Je suis revenu sur cet exemple pour montrer à quelles difficultés se heurte celui qui se borne à des
observations fortuites, seraient-elles faites avec soin. Il ne convient pas de compter sur un heureux hasard,
unique peut-être. Il faut multiplier les observations, les contrôler l'une par l'autre; il faut provoquer les faits,
s'enquérir de ceux qui suivent, démêler leur enchaînement; alors, seulement alors, et avec beaucoup de
réserve, il est permis d'émettre quelques vues dignes de foi. Je ne trouve nulle part des documents recueillis
dans des conditions pareilles; aussi, malgré tout mon désir, m'est-il impossible d'étayer, sur le témoignage
d'autrui, le peu que j'ai reconnu moi-même.

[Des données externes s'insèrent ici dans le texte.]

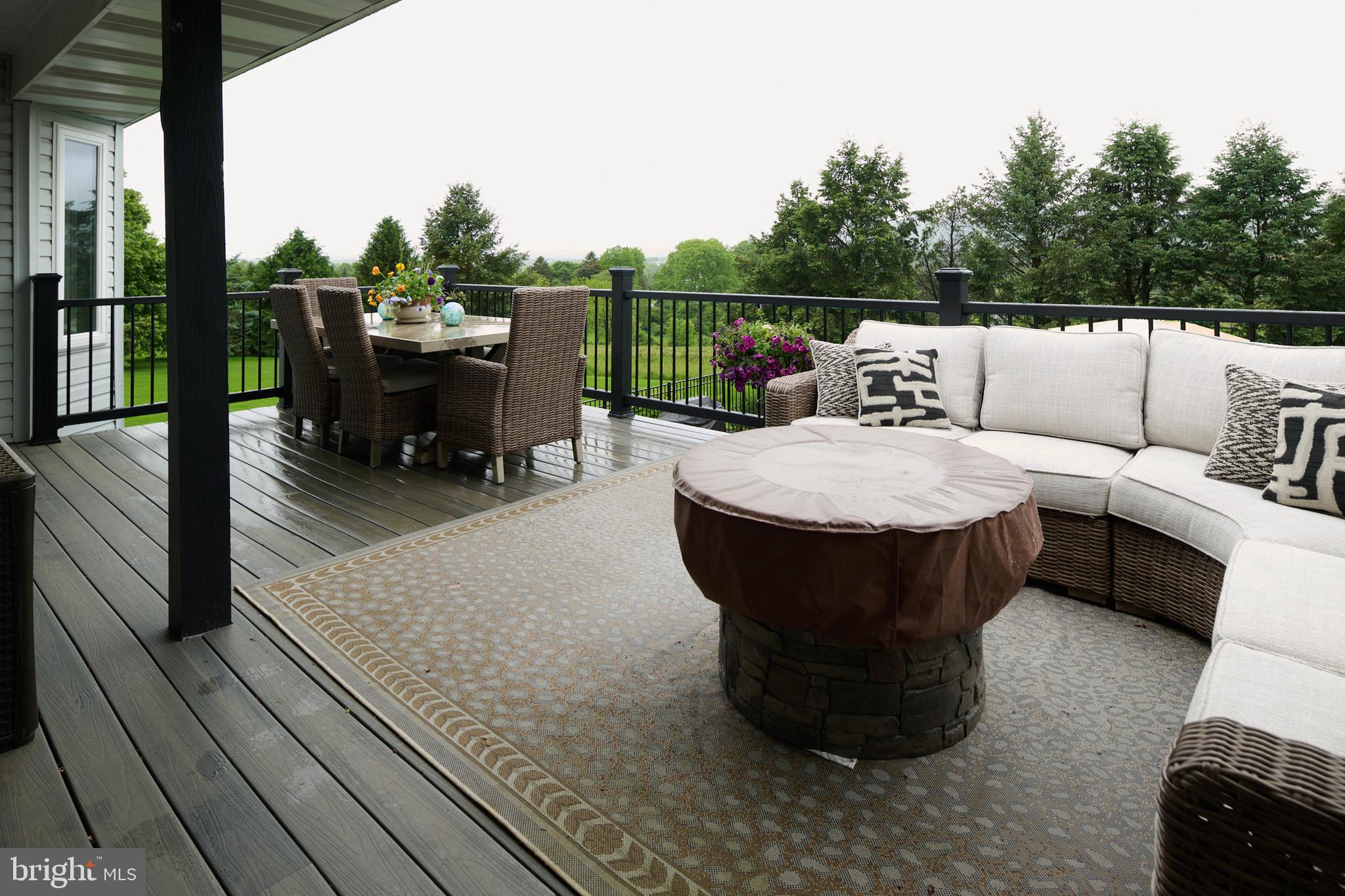 LAUREL HILLS - Residential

Mes Chalicodomes, avec leurs nids appendus aux parois du porche dont j'ai parlé, se prêtaient à
l'expérimentation suivie mieux que tout autre hyménoptère. Je les avais là, dans ma demeure, sous mes yeux à
toute heure du jour, aussi longtemps que je le désirais. Il m'était loisible d'en suivre les actes dans tous leurs
détails et de conduire à bonne fin une épreuve si longue qu'elle fût; leur nombre d'ailleurs me permettait de
renouveler mes essais jusqu'à parfaite conviction. Les Chalicodomes me fourniront donc encore les matériaux
de ce chapitre.
Quelques mots sur les travaux avant de commencer. Le Chalicodome des hangars utilise d'abord les vieilles
galeries du gâteau de terre, galeries dont il abandonne débonnairement une partie à deux Osmies, ses gratuits
locataires: l'Osmie à trois cornes et l'Osmie de Latreille. Ces vieux corridors, qui épargnent le travail, sont
recherchés; mais il n'y en a pas beaucoup de libres, les Osmies plus précoces étant déjà maîtresses de la
plupart; aussi commence bientôt la construction de nouvelles cellules, maçonnées à la surface du gâteau, qui
de la sorte augmente chaque année en épaisseur. L'édifice cellulaire n'est pas bâti en une seule fois: le mortier
et le miel alternent à diverses reprises. La maçonnerie débute par une sorte de petit nid d'hirondelle, par un
demi-godet dont l'enceinte se complète par la paroi lui servant d'appui. Figurons-nous une cupule de gland
partagée en deux et soudée à la surface du gâteau; voilà le récipient assez avancé pour un commencement
d'apport de miel.
L'abeille alors laisse le mortier et s'occupe de la récolte. Après quelques voyages d'approvisionnement, le
travail de maçonnerie recommence, et de nouvelles assises exhaussent les bords du godet, qui devient apte à
recevoir provisions plus abondantes. Puis, nouveau changement de métier; le maçon se fait récolteur. Un peu
plus tard, le récolteur redevient maçon; et ces alternatives se renouvellent jusqu'à ce que la cellule ait la
hauteur réglementaire et possède la quantité de miel nécessaire à la larve. Ainsi reviennent tour à tour, plus ou
moins nombreux dans chaque série, les voyages au sentier aride, où le ciment se récolte et se gâche, et les
voyages aux fleurs, où le jabot se gonfle de miel et le ventre s'enfarine de pollen.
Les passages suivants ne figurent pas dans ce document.